Butlers: Chitose Momotose Monogatari (Butlers～千年百年物語～) is a Japanese anime television series produced by Silver Link. The series aired from April 12 to June 28, 2018. A manga adaptation began serialization on the Comic Newtype website in January 2018.

==Characters==
- Koma Jinguji (神宮司 高馬, Jingūji Kōma)

- Tenna Kisaragi (如月 天奈, Kisaragi Tenna)

- Tsubasa Hayakawa (羽早川 翔, Hayakawa Tsubasa)

- Akira Tachibana (橘 晃, Tachibana Akira)

- Hotaru Aoba (青葉 蛍, Aoba Hotaru)

- Haruto Hizakura (緋櫻 春人, Hizakura Haruto)

- Kyoichi Sano (茶野 京一, Sano Kyōichi)

- Daichi Kurosawa (黒澤 大地, Kurosawa Daichi)

- Takashi Mikuni (御国 鷹司, Mikuni Takashi)

- Yuki Fujishiro (藤代 悠希, Fujishiro Yūki)

- Hikari Kageyama (影山 輝, Kageyama Hikari)

- Ren Shiratori (白鳥 蓮, Shiratori Ren)

==Media==
===Anime===
The anime series is directed by Ken Takahashi at Silver Link and written by Megumi Shimizu, with music produced by Lantis. The series was originally scheduled to premiere in January 2018, but was delayed to an April 12, 2018 premiere due to "various circumstances". The series' opening theme is "Growth Arrow" by Oldcodex, and the ending theme is "Hidamari no Niwa (Eternal Garden)" (陽だまりの庭 ～Eternal Garden～) by Sachika Misawa. The series ran for 12 episodes. Crunchyroll streamed the series.
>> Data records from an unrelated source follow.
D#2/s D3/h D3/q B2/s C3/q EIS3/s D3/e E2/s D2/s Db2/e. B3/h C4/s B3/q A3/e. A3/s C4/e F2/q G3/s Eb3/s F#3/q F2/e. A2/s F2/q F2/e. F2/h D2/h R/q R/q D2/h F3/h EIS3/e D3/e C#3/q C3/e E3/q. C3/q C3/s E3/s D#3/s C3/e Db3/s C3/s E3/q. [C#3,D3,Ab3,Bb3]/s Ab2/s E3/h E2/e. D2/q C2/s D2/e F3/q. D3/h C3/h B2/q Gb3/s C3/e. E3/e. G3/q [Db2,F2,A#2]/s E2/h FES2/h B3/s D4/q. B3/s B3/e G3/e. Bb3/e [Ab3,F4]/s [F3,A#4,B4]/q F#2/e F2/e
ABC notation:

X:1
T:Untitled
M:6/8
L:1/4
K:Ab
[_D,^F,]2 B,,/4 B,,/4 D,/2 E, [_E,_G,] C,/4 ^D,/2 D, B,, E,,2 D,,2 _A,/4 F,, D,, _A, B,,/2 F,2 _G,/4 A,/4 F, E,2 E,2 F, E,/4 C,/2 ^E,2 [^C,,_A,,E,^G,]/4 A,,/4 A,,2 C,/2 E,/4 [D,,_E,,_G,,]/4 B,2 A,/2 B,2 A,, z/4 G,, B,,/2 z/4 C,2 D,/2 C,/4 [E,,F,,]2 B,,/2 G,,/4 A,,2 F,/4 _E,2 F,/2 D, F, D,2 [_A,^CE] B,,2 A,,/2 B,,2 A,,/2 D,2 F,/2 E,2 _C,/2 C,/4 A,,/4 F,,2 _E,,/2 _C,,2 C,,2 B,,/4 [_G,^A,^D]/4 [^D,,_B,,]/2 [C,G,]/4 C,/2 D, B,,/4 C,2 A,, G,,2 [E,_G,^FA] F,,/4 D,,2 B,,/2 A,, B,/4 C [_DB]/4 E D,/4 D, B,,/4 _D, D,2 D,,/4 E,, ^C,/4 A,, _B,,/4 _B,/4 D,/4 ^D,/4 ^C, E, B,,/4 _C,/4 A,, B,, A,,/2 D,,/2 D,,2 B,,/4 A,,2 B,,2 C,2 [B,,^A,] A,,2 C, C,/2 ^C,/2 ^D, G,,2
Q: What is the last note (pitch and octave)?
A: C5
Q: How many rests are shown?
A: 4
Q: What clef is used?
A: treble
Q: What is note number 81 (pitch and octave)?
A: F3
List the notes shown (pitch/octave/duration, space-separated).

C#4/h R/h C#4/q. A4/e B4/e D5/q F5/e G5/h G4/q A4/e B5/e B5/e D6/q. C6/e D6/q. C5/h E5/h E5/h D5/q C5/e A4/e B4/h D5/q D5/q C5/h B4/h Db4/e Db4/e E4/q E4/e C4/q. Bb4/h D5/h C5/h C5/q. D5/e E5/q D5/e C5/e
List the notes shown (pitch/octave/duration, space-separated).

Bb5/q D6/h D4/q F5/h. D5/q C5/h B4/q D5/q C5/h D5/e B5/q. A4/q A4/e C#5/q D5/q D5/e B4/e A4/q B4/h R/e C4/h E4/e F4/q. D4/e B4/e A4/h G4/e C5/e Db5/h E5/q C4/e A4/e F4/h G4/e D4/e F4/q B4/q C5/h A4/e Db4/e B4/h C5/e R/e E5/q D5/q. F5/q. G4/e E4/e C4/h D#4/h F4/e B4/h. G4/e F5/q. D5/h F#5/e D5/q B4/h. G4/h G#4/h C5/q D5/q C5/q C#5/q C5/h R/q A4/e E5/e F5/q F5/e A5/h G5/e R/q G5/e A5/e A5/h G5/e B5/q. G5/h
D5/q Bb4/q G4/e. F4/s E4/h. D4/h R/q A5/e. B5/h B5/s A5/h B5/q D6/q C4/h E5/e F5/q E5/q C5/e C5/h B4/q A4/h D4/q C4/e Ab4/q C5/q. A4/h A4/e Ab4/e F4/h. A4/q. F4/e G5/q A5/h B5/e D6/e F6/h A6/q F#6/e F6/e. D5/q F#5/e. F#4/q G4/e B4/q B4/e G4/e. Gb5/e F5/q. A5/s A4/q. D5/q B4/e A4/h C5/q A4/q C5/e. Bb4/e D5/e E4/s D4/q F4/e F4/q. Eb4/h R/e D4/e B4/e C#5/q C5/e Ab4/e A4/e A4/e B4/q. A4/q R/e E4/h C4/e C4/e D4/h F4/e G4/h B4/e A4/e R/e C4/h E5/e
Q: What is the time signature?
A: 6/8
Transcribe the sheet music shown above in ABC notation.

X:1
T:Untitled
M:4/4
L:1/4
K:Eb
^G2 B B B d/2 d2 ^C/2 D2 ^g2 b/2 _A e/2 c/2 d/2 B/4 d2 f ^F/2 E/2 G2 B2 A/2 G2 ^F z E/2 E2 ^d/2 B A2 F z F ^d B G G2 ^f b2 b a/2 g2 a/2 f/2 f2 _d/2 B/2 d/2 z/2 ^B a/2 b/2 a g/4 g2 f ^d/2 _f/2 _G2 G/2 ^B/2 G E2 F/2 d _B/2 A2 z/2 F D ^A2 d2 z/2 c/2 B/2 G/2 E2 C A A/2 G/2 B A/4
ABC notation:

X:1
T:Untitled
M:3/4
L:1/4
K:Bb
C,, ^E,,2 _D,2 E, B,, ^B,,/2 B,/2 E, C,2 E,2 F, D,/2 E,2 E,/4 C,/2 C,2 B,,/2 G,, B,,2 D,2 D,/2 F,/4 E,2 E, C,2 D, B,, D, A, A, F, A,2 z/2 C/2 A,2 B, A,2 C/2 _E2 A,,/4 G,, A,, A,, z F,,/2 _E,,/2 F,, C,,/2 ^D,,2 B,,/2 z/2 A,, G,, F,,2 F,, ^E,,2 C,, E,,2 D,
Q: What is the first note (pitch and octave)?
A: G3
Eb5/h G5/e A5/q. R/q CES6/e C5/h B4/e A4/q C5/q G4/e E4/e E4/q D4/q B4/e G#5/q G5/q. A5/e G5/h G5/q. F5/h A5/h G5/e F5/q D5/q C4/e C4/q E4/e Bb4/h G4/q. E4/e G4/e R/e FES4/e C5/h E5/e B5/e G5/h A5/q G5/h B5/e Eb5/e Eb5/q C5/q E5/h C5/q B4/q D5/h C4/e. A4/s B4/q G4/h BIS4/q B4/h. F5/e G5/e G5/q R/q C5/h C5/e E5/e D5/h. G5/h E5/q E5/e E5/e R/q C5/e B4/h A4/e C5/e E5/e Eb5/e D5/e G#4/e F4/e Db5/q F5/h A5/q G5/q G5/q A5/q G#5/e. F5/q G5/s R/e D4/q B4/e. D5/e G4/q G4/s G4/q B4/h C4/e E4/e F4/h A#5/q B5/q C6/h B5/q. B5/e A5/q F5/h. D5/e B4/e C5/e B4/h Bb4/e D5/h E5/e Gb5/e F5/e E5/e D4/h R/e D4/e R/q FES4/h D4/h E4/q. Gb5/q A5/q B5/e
| No. | Title | Original release date |
|---|---|---|
| 1 | "The Destined Moment" Transliteration: "Unmei no Toki" (Japanese: 運命の時) | April 12, 2018 |
| 2 | "Outside and Inside" Transliteration: "Hyō to ura" (Japanese: 表と裏) | April 19, 2018 |
| 3 | "Misunderstandings" Transliteration: "Surechigau omoi" (Japanese: すれ違う思い) | April 26, 2018 |
| 4 | "The Elegant Battle" Transliteration: "Shitsuji taiketsu" (Japanese: 執事対決) | May 3, 2018 |
| 5 | "The Case Files of the Great Detective Holmes" Transliteration: "Mei tantei hōmuzu no jiken-bo" (Japanese: 名探偵ホームズの事件簿) | May 10, 2018 |
| 6 | "Revenge from the Past" Transliteration: "Kako no Gyakushū" (Japanese: 過去の逆襲) | May 17, 2018 |
| 7 | "The Time of Awakening" Transliteration: "Mezame no Toki" (Japanese: 目覚めの時) | May 24, 2018 |
| 8 | "Shiratori Ren's Day Filled with Melancholy" Transliteration: "Shiratori Ren no yūutsu na ichi nichi" (Japanese: 白鳥蓮の憂鬱な一日) | May 31, 2018 |
| 9 | "Message" Transliteration: "Messeiji" (Japanese: メッセージ) | June 7, 2018 |
| 10 | "Attachment" Transliteration: "Aishū" (Japanese: 愛執) | June 14, 2018 |
| 11 | "Crossroads" Transliteration: "Kiro" (Japanese: 岐路) | June 21, 2018 |
| 12 | "A Thousand Years, a Hundred Years" Transliteration: "Sen nen hyaku nen" (Japanese: 千年百年) | June 28, 2018 |

===Manga===
A manga adaptation illustrated by Yukari Tōdō began serialization on Kadokawa's Comic Newtype magazine on January 23, 2018.